Blackstone Venture Looks to Offload $1.8B Old Signature Bank CRE Loans

Will it help establish a price floor for multifamily or help kick out the props like another form of distress?

A Blackstone partnership with Canada Pension Plan Investment Board and Rialto Capital that had won a 20% stake in nearly $17 billion of the former Signature loans in December 2023, is selling that interest, as Bloomberg reported.

It may draw investor interest because sales could help highlight what current values for properties actually are. The lack of price discovery has been a thorn in the side of markets since 2022, when interest rates kept rising and valuations, dropping. Some estimates had previously pegged the impact on the involved properties valuations as from 15% to 40% lower than their face value.

However, at best this will be only one data point and one potentially flawed to offer wider insight.

The $33 billion CRE loan portfolio from Signature Bank’s collapse early in 2023 went up for sale last year. The majority of the CRE loan portfolio are secured by multifamily properties, primarily located in New York City, according to FDIC. About $15 billion of the CRE loans are on rent-stabilized or rent controlled multifamily units.

They were going to be sold in tranches and there’s been controversy, like when Brookfield claimed the FDIC ran a secret auction and awarded a bid on two pools of affordable housing assets for only 70 cents on the dollar when the giant had bid 80. The FDIC noted that it had dual mandates — one to recover money, the other “to maximize the preservation of the availability and affordability of residential real property for low- and moderate-income individuals.”

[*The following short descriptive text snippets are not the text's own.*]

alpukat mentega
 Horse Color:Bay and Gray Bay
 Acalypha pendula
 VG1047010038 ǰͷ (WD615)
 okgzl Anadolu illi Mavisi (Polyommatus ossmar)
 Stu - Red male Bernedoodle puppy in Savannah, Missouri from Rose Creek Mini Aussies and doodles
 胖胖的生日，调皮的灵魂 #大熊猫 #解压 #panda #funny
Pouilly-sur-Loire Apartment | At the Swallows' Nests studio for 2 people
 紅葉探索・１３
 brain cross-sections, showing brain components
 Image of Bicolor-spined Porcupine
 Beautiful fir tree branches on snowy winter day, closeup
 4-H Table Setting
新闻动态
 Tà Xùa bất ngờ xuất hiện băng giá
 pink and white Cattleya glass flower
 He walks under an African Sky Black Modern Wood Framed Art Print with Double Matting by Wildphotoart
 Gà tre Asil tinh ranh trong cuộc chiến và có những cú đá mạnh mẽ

Put differently, these are properties where the maintenance of valuation for the interest of investors takes a back seat to the dual mandates married to the concept that the properties have to go. The FDIC can’t keep hold of the buildings indefinitely, but also can’t write off the availability of affordable housing. Maximizing potential valuations is not necessarily the goal.

The selling of units at a cut price doesn’t necessarily have an impact on valuations everywhere. These are concentrated in New York. Even if there is downward pressure, will that extend to a Class-A multifamily in Dallas/? Probably not. There will be different market rates and rent growth.

“I think more price discovery, especially in a market like this, is almost always a good thing,” Matt Reidy, director of commercial real estate economics for Moody’s Analytics CRE, tells GlobeSt.com. “Some of what was sold was affordable housing or rent-stabilized or rent-controlled multifamily units. Given that the FDIC wants those to remain as affordable as possible, [the markets will] take that into account. When a big portfolio sells and sets a price for existing loans, it’s going to affect every market. There may be influences on the pricing that go beyond a pure price discovery exercise. Some of it depends on what the underlying loans and collateral were, how they were performing. The degree and extent to which it affects other markets depends on those markets.”

Also, the sales of the Signature Bank loan properties aren’t the only dynamic affecting valuations. Multifamily unit deliveries will top last year’s — which was a record — by 50%. In many markets, especially in the South, that is likely to have a significant impact on occupancies and rents, when means an effect on valuations. The hypothetical Dallas apartment building might lose value because another 38,400 units are expected to hit that market this year.